A sales designer with Turner's Furniture on State Highway 82 and a volunteer makeup and hair/wig designer with Theatre Albany, the Sasser resident has multiple memories of her mother, Lila Brady Brim, an English teacher, librarian and adviser for 38 years before retiring from Terrell Academy in 1992.

"She was such a great mentor ... smart, talented and so funny," Streat said. "One of her students even wrote a poem about her titled 'Teacher, Mother, Friend.' She was so giving on behalf of anyone she thought was trying to do their best, and that extended way beyond the classroom.

"Some of my favorite memories are of the way my mother and father, Henry, looked at each other while they danced ... and they loved to dance. She shared that joy with me as a child, and I can't help but have a big smile when I think of her dancing with my daughter, too.

"My most precious Mother's Day memory happened a few months before she died in 2006. My birthday is May 14, and that also was Mother's Day in 2006. On every previous Mother's Day, she would tell me the story of my birth ... that she was in labor for three loooong days before it was decided that, even with tornadoes looming, they needed to move this very expectant mother from Terrell County

Hospital to Patterson Memorial Hospital in Cuthbert, where they were set up to operate. But when we got there, I decided to make my entrance into the world on my terms.

"She'd been ill for quite a while and we were holding each other, and for the first time, I heard the rest of the story of my birth, when she added emphatically, 'and it was a long and bumpy ride!'

"That's like life, isn't it? .... A long and bumpy ride, but worth it. Thank you, Mama."

Bill Strickland

Strickland began working at The Albany Herald in 1978 and currently serves as the newspaper's Information Technology director.

Commented the erudite administrator, "First of all, as I've been accumulating memories of my mom, Eugenia Strickland, since 1953 (the year I was born), it's hard to pick just one. Not only has she been a great mom to my sister Jane and me for all our lives, but lots of our earliest memories are immortalized on film because my dad was an enthusiastic amateur and sometimes professional photographer.

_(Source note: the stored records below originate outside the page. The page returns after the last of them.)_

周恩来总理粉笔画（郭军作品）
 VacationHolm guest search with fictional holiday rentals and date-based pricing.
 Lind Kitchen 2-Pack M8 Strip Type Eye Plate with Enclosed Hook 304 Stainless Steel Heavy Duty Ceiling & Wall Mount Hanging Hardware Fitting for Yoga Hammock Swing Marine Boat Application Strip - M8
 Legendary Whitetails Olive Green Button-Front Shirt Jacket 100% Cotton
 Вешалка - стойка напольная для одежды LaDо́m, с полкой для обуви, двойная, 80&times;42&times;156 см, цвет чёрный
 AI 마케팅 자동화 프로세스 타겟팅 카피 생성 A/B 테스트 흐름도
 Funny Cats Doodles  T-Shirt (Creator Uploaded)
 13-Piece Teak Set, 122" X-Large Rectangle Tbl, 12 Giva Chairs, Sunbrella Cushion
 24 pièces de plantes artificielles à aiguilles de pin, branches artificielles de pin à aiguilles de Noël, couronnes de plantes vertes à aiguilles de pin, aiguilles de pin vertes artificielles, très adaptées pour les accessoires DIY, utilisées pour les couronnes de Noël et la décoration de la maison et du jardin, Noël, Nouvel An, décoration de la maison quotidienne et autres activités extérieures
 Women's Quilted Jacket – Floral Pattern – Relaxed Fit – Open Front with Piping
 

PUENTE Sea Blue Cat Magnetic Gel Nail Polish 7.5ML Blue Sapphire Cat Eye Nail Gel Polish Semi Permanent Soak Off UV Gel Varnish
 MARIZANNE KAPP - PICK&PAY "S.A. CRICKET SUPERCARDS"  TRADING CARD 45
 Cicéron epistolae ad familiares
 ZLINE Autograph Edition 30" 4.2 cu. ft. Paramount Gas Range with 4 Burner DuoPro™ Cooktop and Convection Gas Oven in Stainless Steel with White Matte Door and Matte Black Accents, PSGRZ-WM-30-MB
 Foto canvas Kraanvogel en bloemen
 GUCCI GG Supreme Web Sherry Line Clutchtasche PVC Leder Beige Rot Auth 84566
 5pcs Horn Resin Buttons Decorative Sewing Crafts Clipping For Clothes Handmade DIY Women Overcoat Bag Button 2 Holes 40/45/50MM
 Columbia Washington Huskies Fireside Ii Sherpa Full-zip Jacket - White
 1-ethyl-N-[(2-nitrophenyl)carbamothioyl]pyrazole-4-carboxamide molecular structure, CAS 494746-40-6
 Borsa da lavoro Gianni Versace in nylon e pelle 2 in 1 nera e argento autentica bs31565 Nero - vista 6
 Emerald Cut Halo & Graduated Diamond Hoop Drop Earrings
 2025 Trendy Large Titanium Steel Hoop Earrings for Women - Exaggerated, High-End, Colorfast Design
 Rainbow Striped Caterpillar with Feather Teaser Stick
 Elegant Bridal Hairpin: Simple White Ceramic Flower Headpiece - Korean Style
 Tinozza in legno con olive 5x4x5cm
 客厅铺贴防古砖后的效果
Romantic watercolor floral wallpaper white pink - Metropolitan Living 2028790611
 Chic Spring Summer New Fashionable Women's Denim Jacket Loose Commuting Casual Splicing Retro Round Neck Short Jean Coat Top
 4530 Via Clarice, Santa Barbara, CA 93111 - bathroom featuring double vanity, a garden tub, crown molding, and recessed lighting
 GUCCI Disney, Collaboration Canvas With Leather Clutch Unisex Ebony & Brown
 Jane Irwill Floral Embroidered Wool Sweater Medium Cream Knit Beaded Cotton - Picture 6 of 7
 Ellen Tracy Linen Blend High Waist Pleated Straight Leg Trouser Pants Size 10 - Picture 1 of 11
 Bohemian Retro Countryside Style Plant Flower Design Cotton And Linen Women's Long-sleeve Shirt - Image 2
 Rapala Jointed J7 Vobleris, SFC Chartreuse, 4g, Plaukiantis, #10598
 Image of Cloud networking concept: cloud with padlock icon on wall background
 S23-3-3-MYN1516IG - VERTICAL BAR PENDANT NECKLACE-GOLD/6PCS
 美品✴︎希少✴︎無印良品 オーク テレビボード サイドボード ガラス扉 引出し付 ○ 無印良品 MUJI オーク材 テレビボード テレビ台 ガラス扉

"For instance, I don't remember very clearly being about 3 years old when I, like thousands of other little kids, caught 'Davy Crockett fever,' but a photo of me at the Arlington May Day festival (I think that's where it was taken) in a 'frontier' outfit complete with six-shooters and a coonskin cap is an image I remember well.

"My mom put that outfit together for me, and she even custom-made the cap from, I think, the fur collar of an old coat. I looked exactly like Davy Crockett -- just a little shorter.

"It's just one memory out of thousands, but it shows how to whatever degree possible my mom has always done and continues to do whatever she can to help Jane and me realize those sometimes serious, sometimes ridiculous goals we've had -- even of becoming Davy Crockett!"